What is one of your most meaningful moments/discoveries in your life?
On a beautiful day in the Pacific Northwest, I was walking with my freshman high school friends, laughing and having what seemed like a perfect day. Yet, once alone I had this deep question, is this all there is? This is where my deeper spiritual journey led me to communion with the Creator who loves us and brings us to wholeness which I found in Christ. Over time my faith has broadened and grown but the central view of Jesus’ life and death and life has been my connection, my communion with God.
What would you like to try that you have not tried yet?
I’d like to do a solo backpacking trip. There’s something about the solitude and challenge that interests me.
Where do you dream of going?
I would love to see what Southern California, Tucson and other beautiful spaces looked like when only the Native Americans lived here. I have a deep respect for the way the land was taken care of in a sacred way so maybe I could sit and listen to the wisdom and enjoy the clear air, flowing water and abundant wildlife.

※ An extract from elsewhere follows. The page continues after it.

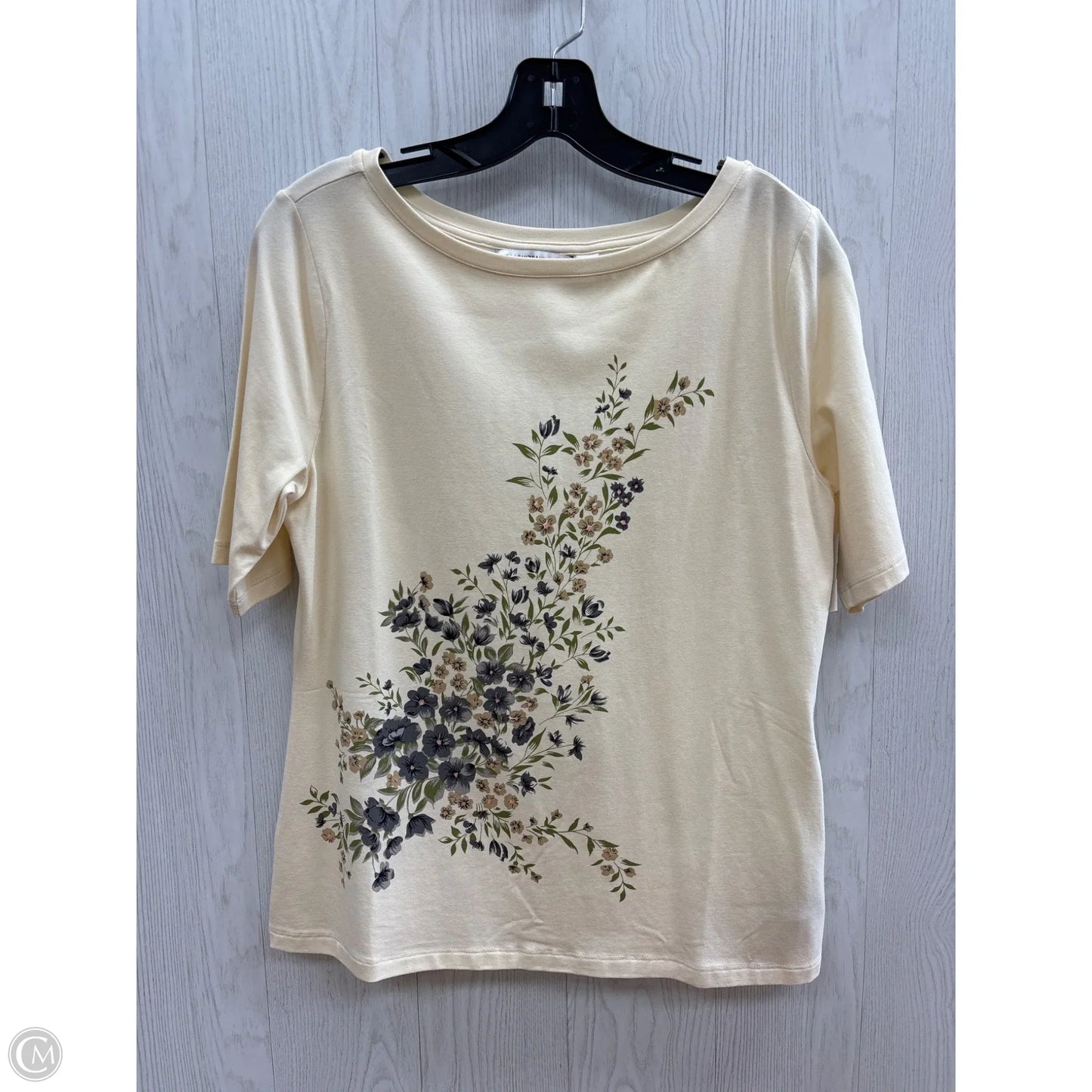 Top Short Sleeve By Isaac Mizrahi Live Qvc In Cream, Size: S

How do you balance producing and teaching and performing?
This is interesting, because as artists we have to make a living. The kind of music we do with Spotted Peccary has a broad audience (and I find most people desire contemplative ambient music) but there aren’t many avenues to play live. So teaching became my main source of income but I don’t want to belittle it’s importance. I taught art, Music and coached sports for 15 years and loved it. Teaching is something that came naturally to me. Currently, I teach guitar to about 50 students at Allegro School of Music. This gives me time to keep creating music and I’m very happy with the new release Full of Life which is deeply influenced by my new life with Catherine and the Tucson desert. I think this is fertile ground because I’ve written many new songs for my next recording as well.

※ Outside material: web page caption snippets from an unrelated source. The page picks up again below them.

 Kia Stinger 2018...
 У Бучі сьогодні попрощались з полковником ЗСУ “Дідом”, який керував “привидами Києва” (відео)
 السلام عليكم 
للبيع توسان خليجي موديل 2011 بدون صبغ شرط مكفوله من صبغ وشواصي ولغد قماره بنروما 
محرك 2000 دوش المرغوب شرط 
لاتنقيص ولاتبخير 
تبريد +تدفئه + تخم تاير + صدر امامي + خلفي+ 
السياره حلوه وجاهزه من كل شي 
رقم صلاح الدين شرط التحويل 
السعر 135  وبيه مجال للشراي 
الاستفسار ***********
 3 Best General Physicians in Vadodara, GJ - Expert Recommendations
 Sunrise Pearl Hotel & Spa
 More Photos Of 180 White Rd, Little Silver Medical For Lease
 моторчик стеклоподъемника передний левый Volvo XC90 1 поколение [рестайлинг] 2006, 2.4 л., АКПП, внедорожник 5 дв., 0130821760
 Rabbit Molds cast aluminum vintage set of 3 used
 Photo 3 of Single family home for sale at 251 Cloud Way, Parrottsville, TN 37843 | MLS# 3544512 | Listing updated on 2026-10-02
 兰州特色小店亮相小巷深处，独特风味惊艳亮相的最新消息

You have such an abundance of original music that you share with the world, what is your compositional process like?
It usually starts with one or two chords or arpeggio. Then, I add harmony which moves it the way I’m feeling it should go. Sometimes I start out looking for a certain space, like slower repetition or maybe a bit more complex solo piece. I’ve been inspired by using different tunings. For Full of Life, I used Robert Fripp’s New Standard Tuning which brought new ideas and ways of approaching the guitar and writing.
Much of the music is “written” on acoustic with a looper to either create atmosphere or second and third parts or melodies. Solos are improvised but I do this sparingly. The more ambient pieces like Rincon Fading Light are at least begun with improvisation. From there I work intuitively with layers, atmospheres and melodies.
How do you decide between electric compared to acoustic guitar sounds?
Hmmm, I wonder if it’s just what I picked up that day? I’ve always liked the sound of electric or electronics along with acoustic/organic sounds. So, as I’m recording, I may try different guitars to add interest or breathe a different life into a song.
What is next for your music?
I’m very interested in music as prayer. Does that mean a more stripped down, solo performance kind of recording or a simple prayer without ceasing approach to production? Maybe it’s an entire record where the listener can sit in a prayerful space? I’m not sure yet, but I’m excited and inspired right now to keep creating.
Thank you for this opportunity to explore your music further!